My daddy has also told me before that you make an impact on a dog. Everytime you talk to them, love them, play with them, it MEANS something to them. My belief (and yes, be glad to call me brainwashed) ..well, i believe they remember that. Why else would they be so excited as to see you? Why would their face light up the moment you speak to them? Call me crazy, but my dog knows who you are, and she knows her past with you (:

"Dogs are a man's best friend."

She will be missed, but aren't they all? It was her time, and she's better off.

"A dog is the only thing on earth that loves you more than he loves himself."





Tuesday, February 3, 2009

you can't keep me low..

What TV character can you relate to the most?

Oh boy. There are several. Which ones should I use? --we'll say Merideth Grey & Peyton Sawyer.

Merideth. She worries. She fears for her future & settlin down, she wants the best for people, and her thoughts are in depth. She is strong willed & determined. She's a fighter, especially when it comes to what she believes. She is an emotional person, but she barely shows it, she's the kind of person who never cries, and when she does, it's so rare that it tends to make other people cry. Her views on life are close to mine in a lot of ways, believe it or not.

Peyton. Can't help who she's in love with, she can see through someones imperfections, and love a person for who they really are. She expresses herself through her art & expects a lot out of herself. She listens, especially to a friend when they're in need. Music keeps her sane & she hates dresses. She's dealt with a lot in life, and it's made her who she's become. She also cries, only rarely, just as Merideth, and it tends to make other people emotional.

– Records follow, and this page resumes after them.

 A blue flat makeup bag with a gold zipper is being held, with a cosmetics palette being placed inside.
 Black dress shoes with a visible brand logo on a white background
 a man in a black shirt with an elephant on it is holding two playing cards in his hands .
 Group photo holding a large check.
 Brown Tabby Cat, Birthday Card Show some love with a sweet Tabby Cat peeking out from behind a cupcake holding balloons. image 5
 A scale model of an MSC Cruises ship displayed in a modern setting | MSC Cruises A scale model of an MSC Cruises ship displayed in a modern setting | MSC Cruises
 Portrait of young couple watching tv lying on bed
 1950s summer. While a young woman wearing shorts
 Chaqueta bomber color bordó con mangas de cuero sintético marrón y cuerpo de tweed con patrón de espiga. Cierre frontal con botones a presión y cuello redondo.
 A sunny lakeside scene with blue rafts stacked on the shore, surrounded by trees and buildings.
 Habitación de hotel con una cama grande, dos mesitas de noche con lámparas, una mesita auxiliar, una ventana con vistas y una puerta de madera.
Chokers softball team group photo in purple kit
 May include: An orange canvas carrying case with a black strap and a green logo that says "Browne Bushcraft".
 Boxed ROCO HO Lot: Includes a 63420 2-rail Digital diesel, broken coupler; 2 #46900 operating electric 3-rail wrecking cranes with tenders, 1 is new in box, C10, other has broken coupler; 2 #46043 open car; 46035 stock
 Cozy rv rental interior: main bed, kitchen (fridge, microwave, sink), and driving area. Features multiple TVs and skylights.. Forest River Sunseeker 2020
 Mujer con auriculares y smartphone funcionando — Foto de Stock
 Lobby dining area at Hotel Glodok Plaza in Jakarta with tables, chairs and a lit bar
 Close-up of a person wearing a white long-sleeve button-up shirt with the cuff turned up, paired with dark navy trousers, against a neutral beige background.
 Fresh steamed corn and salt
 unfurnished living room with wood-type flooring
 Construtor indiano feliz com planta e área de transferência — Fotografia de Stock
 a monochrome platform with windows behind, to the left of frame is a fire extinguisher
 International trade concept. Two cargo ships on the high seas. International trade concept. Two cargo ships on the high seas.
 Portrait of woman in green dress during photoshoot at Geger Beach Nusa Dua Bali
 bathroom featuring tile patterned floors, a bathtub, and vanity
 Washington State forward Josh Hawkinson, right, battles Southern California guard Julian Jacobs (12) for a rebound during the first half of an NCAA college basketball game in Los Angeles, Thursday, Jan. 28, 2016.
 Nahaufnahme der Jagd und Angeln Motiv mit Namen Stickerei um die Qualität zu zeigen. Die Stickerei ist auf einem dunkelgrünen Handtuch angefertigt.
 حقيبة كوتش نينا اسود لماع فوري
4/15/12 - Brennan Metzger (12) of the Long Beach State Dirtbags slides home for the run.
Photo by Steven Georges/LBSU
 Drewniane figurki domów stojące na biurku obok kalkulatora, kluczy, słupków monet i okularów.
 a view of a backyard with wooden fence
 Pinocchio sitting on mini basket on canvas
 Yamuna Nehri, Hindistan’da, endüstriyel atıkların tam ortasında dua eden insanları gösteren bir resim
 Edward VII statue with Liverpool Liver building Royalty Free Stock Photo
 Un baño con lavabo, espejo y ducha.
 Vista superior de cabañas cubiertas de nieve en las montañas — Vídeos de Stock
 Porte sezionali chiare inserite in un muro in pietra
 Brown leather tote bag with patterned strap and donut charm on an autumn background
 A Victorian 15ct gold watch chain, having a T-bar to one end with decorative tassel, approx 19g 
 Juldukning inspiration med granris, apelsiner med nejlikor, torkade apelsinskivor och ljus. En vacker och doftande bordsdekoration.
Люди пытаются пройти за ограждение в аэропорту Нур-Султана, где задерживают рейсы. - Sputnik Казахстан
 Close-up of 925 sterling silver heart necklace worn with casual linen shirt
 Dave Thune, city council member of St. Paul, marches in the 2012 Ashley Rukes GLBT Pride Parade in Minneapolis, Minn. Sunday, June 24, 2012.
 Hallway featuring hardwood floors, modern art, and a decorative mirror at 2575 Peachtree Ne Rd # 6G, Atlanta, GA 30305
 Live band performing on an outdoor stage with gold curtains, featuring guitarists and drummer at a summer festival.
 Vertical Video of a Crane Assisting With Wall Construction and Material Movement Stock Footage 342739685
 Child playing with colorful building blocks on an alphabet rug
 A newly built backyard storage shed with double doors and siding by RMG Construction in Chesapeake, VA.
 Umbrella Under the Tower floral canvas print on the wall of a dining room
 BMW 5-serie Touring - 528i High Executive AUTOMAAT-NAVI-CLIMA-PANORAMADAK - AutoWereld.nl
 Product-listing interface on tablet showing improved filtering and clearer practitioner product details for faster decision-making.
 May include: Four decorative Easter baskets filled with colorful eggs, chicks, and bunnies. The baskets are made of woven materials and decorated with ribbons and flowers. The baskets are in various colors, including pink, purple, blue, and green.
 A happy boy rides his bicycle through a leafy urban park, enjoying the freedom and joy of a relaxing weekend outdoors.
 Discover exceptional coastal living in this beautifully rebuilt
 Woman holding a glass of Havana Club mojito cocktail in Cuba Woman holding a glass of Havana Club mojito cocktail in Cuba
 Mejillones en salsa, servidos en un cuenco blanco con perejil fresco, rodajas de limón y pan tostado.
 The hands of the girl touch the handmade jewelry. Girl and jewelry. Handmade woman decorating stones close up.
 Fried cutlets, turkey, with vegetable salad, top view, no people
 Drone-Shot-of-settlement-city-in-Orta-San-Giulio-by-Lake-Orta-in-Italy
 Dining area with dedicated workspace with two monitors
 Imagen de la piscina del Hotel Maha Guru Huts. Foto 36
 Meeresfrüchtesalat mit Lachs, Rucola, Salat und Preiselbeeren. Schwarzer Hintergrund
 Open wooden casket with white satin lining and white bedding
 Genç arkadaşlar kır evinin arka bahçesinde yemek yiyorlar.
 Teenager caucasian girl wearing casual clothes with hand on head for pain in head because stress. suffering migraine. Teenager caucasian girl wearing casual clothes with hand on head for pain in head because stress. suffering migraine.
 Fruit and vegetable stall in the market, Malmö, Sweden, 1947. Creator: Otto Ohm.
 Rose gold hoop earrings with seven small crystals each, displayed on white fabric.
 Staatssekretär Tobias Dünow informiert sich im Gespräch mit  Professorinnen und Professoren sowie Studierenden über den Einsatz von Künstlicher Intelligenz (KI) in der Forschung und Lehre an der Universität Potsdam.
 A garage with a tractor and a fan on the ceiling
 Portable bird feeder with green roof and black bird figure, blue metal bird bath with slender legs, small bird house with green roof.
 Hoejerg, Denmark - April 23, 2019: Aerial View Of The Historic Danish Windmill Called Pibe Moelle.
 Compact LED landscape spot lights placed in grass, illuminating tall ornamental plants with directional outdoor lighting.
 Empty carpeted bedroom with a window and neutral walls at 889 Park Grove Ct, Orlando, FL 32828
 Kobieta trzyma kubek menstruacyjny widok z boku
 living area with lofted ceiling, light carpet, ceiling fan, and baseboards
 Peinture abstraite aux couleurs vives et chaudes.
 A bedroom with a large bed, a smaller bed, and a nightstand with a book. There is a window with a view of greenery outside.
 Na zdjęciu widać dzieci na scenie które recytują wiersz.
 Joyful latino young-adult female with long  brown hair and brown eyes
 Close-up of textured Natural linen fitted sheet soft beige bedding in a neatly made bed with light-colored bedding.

She bottles up a lot of her feelings, then aain, she speaks her mind.

I don't know who you'd say I'd relate to more, and those are just my opinion. (:

Monday, February 2, 2009

you should be able to express yourself, page after page.

What do you miss the most about your childhood?
-it's the cool breeze outside, the leaves falling. It's the dogs barking for me to come play with them. It's the trees I used to climb & the scratched up knees. It's the colors on the blacktop, resulting from the chalk I'd scribbled on it. It's the bb's rattling in my gun as I walked around trying to find a bird to shoot. It's the afternoons at my mimi's in her backyard as I let my imagination soar. It's the fishing trips with my paw paw & the blue jean shorts. It's the lemonade stands I'd set up in my front yard, just to make 50 cents. It's skating in the parking lot & imaginary friends. It's pickin my mamma flowers & sitting in daddy's lap. It's fishing all day and fish fries at night. It's jumping on the trampoline, and handball with Matt. It's swimming until my fingers & toes were wrinkled. It's sunburn from the beach. It's Candyland & Uno. It's afternoons at Me-maw's house, and taking drives with daddy in the country. It's B&O with mamma,hello kitty, and the post office on Saturday mornings. It's dressing up for halloween, and believing in the easter bunny. It's askin mamma for sour gummy worms at the grocery store. It's lambchop (my faithful "security blanket" for roughly 8 years). It's filling up a purse with things I don't need. It's Bible School & the Donut Man. It's AWANA, and hating dresses on Sunday mornings. It's ridin the 4-wheeler with paw-paw down Penn Station Road, so fast that it felt like flying. It's tea-partys with raggidy anne & andy. It's the 15 stuffed animals that I insisted on sleeping with me every night. It's my night light. It's thinking I'll never grow up. It's not havin to worry about anything at all, it's being little. It's all of it. It's when my biggest problem was was figuring out what color ponytail holder to wear.

I don't think people realize the effect they have on people, the things they remember, the things they say.. Consider that, because people (especially kids) watch & listen to you more than you think --so say something useful.